Muse Plugin Authoring Guide

A complete walkthrough for building a domain plugin for Muse v0.1.2. By the end you will have a fully typed, schema-aware, OT-capable, CRDT-ready plugin that works with every muse CLI command immediately — no core changes needed.

Difficulty progression: Core Protocol (30 min) → Domain Schema (30 min) → OT Merge (1 hr) → CRDT Semantics (1 hr)


Table of Contents

  1. What a Plugin Is
  2. Quick Start — Copy the Scaffold
  3. Core Protocol (Required)
  4. Domain Schema
  5. Operation-Level Merge (OT)
  6. CRDT Semantics
  7. Registering Your Plugin
  8. Testing Your Plugin
  9. Checklist Before You Ship

What a Plugin Is

A Muse plugin is a Python class that implements one or more protocols defined in muse/domain.py. The core engine treats every domain identically — it knows nothing about your data. You teach it by implementing the protocol.
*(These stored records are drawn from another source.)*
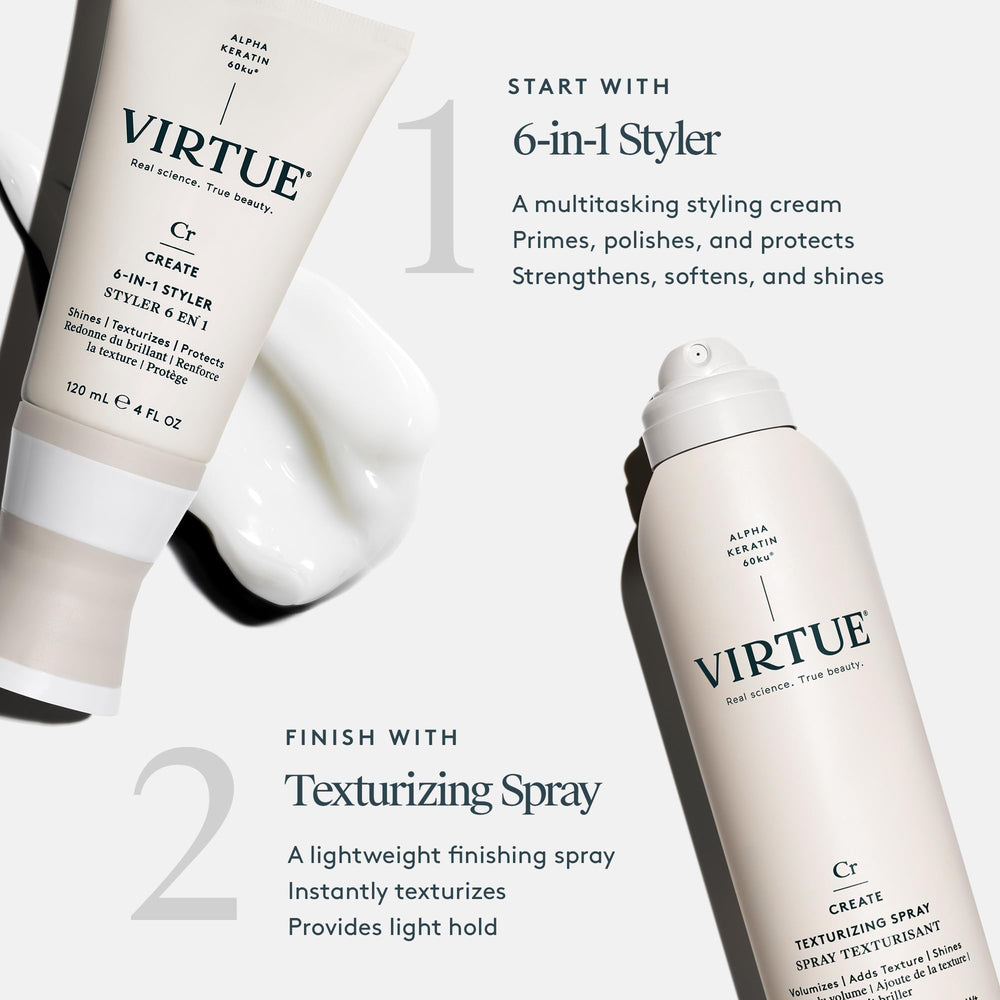 VIRTUE Texturizing Spray texture build adds volume and definition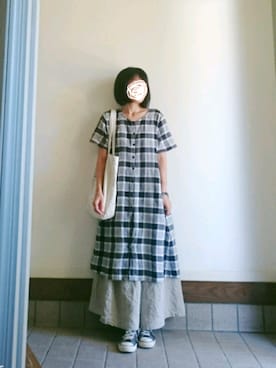 「スカーチョ」｜「アイテム（ワンピース/ドレス）」を使った、みやたさん（レディース・154cm）の夏コーディネート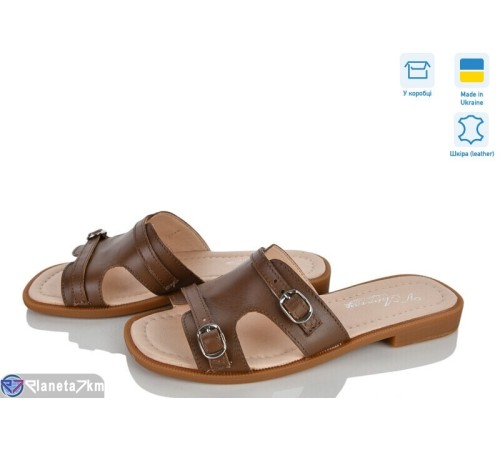 Шлепки жіночі на літо (8 пар р.36-41) коричневий  "ERIKA"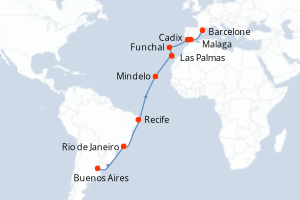 Carte itinéraire croisière Argentine, Brésil, Cap Vert, Canaries, Madère, Espagne - 20 jours au départ de Buenos Aires - Transatlantique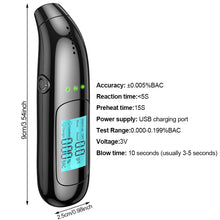 Load image into Gallery viewer, Automatic Breath Digital Alcohol Tester Professional Alcohol Detector Breathalyzer Alcotester LCD Display Drunk Driving Test
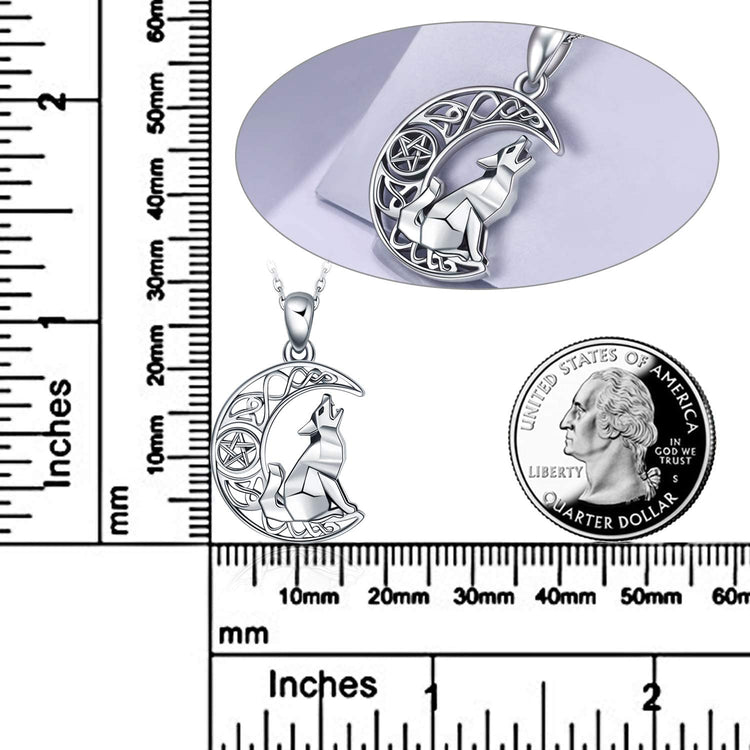925 Sterling Silver Celtic Knot Crescent Moon Wolf Pendant Necklace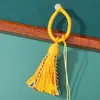 Anillo hebilla de borla de hilo de algodón estilo Xizang colorido, producto semiacabado hecho a mano para colgar en bolsos, colgar en el coche, colgante y accesorio, al por mayor en stock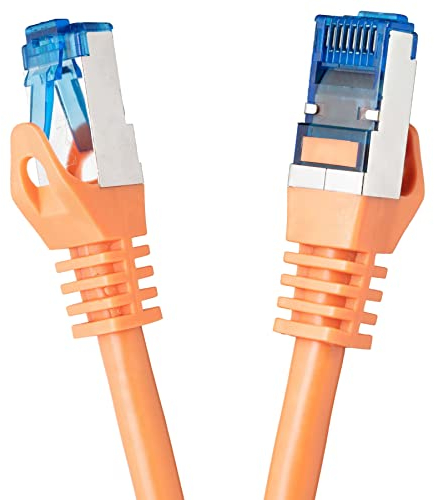 BIGtec 5m CAT.7 LAN Ethernet Kabel Netzwerkkabel Patchkabel Gigabit Patch DSL orange Kupferkabel doppelt geschirmt RJ45 Stecker Cat7 S/FTP PIMF kompatibel PS5 Netzwerk Switch DSL Router Modem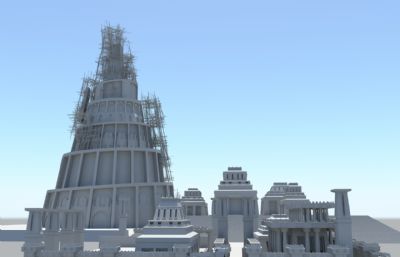 正在建设中的仿古埃及建筑maya模型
The protocol stack has four levels. You must implement the base level. The rest are optional and add progressively richer capabilities:

Level 1: MuseDomainPlugin        ← required — basic VCS operations
Level 2: schema()                ← declares data structure, enables algorithm selection
Level 3: StructuredMergePlugin   ← enables sub-file OT merge
Level 4: CRDTPlugin              ← enables convergent multi-agent join

The reference implementation is muse/plugins/midi/plugin.py. Read it alongside this guide — it shows every method with real implementation and full docstrings.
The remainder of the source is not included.